## Description of the task:
Everything in the listing except the pictures should be written out exactly.

Source data section start

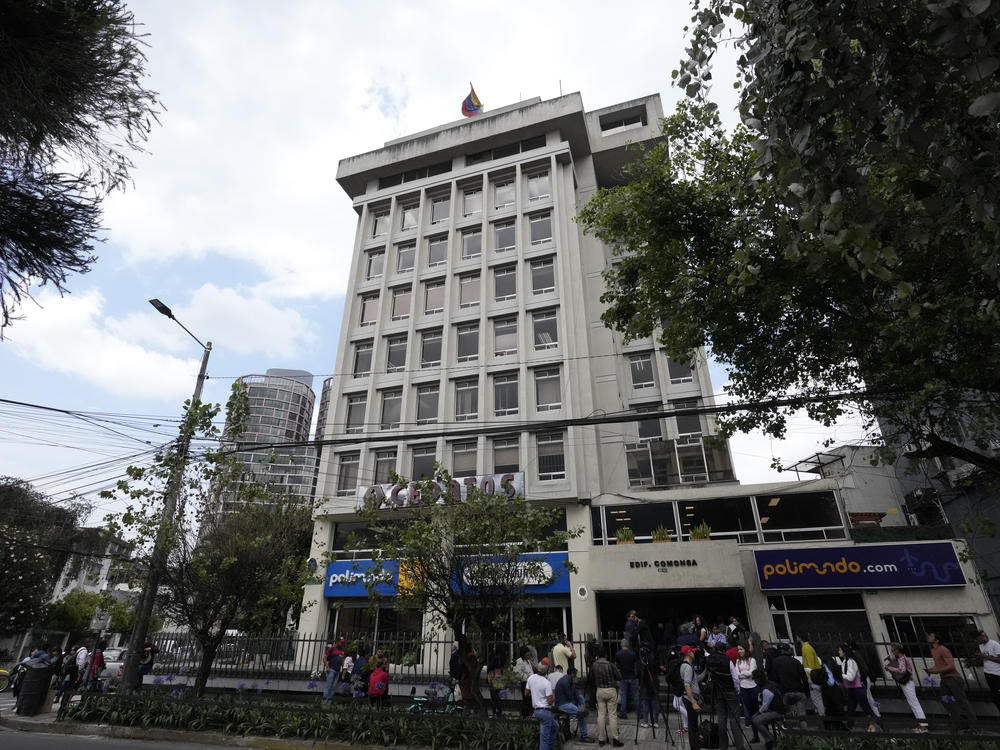 People stand outside the Venezuelan embassy in Quito, Ecuador, on Tuesday.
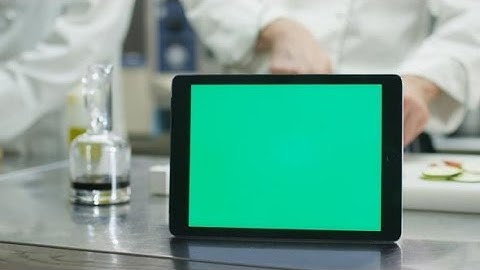 Tablet with Green Screen Mock-up on Kitchen Table | Stock Footage - Videohive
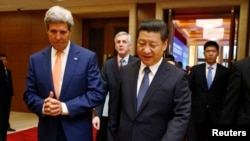 U.S. Secretary of State John Kerry (L) talks with China's President Xi Jinping at the U.S.-China Strategic and Economic Dialogue in Beijing, July 9, 2014.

Source data section end

## Written response:
 People stand outside the Venezuelan embassy in Quito, Ecuador, on Tuesday.
 Tablet with Green Screen Mock-up on Kitchen Table | Stock Footage - Videohive
 U.S. Secretary of State John Kerry (L) talks with China's President Xi Jinping at the U.S.-China Strategic and Economic Dialogue in Beijing, July 9, 2014.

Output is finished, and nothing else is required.